Наши потери: одна 76-мм пушка повреждена осколком бомбы, расчёт — двое легкораненых. Один пулемётный расчёт уничтожен прямым попаданием 20-мм снаряда с «мессера»… все погибли. Бомбы противника упали в основном в нейтральной полосе и на их же переднем крае. Ущерба городу и основным позициям нет.

Морозов кивнул, не было ни тени ликования. Погиб расчёт пулеметной установки статистика войны, чьи-то перечеркнутые судьбы…

— Хорошо работали. Похоронить своих с почестями. Представь отличившихся к наградам. А этих… — он мотнул головой в сторону запада, где над лесом висели два чёрных столба дыма, не хоронить собаке собачья смерть.

Он повернулся к ожидавшему связисту.

— Передать полковнику Носову: «Небо чистое. Погода для прогулки благоприятствует. Начало — по плану». И передать всем командирам секторов: с этого момента — полная готовность номер один. Немцы сейчас будут чесать затылки и листать уставы. У нас есть не больше суток, пока они не придумают, что делать дальше, используем их.

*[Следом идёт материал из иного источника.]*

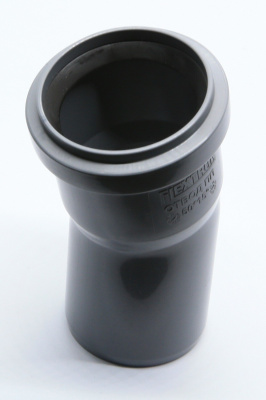 2035732731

В штабе 8-го авиакорпуса Люфтваффе через час будет лежать радиограмма: " Эскадрилья KG-53. Отчёт о вылете на подавление ПВО в районе Белосток. Задание не выполнено. Встречены организованным огнём тяжёлой и лёгкой зенитной артиллерии необычной плотности. Потеряно 4 He-111 и 3 Bf-109. Ещё 2 He-111 тяжело повреждены. Рекомендую присвоить району наивысший приоритет угрозы. Полётов на малых и средних высотах избегать. Требуется дополнительная разведка и пересмотр планов нейтрализации объекта."

Именно этой паузой, этим запросом «на пересмотр», Морозов и собирался воспользоваться по-полной.

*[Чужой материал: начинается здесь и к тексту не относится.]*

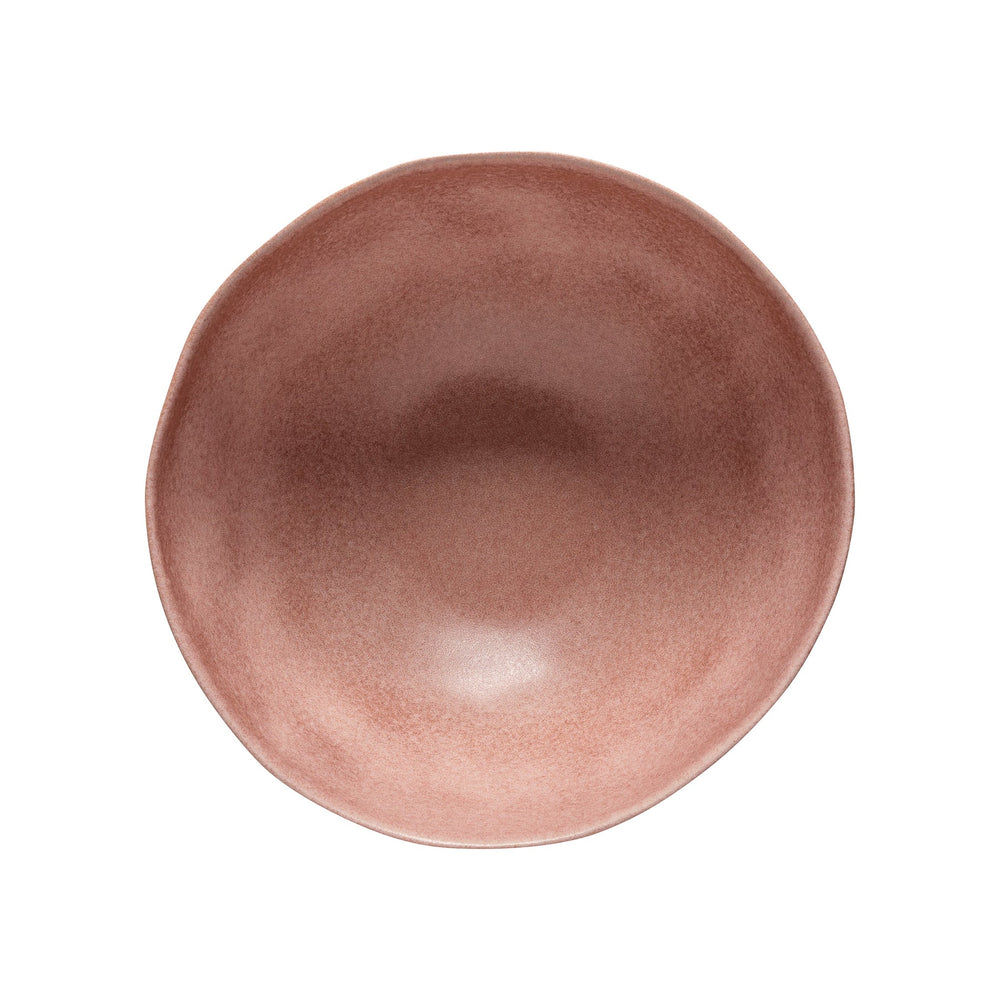 Livia 10" Serving Bowl - From Where Finds -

7 июля 1941 года, 11:20. Штаб обороны Белостока.


Алексей Морозов, полковник НКВД, стоял у карты, не отрывая взгляда от жирной синей дуги, сжимавшей город.

— Доложили, — сухо сказал начальник штаба, положив перед ним свежую сводку ПВО. — Семь сбитых подтверждено. Два «хейнкеля» дымят, едва тянут. Их истребители получили по зубам. Небо над городом — наше, на время наше. — уточнил он…

— На время, — повторил Морозов, и в его голосе прозвучала сталь. — Значит, их артиллерийские корректировщики ослепли. Значит, их пикировщики не сунутся без прикрытия. Значит, у немецкой пехоты за спиной пустота. — Он ударил кулаком по карте, по синей дуге. — Это не пауза — это окно. И мы в него войдем.

Он обернулся к собравшимся командирам. Лица — усталые, невыспавшиеся, но не сленный взгляд горел в их глазах. В их душах была та же ярость, что копилась в городе с первых сожженных немцами деревень.

— Операция «Молот» начинается сейчас, — голос Морозова резал тишину, как стеклорез. — Пока они чешут затылки и пишут отчёты о «необъяснимых потерях», мы ударим. Цель — не прорыв ради прорыва. Цель — пленные наши советские граждане и их свобода. — Он ткнул пальцем в отметки дулагов. — Там наши, их не кормят, не оказывают медицинской помощи. Наших сестёр… — он сделал едва заметную паузу, и по залу пронёсся низкий, звериный гул, — … там насилуют и выбрасывают, как тряпки. Каждый час там — смерть. Мы вырвем этих людей у европейских нелюдей, палачев в человеческом обличие…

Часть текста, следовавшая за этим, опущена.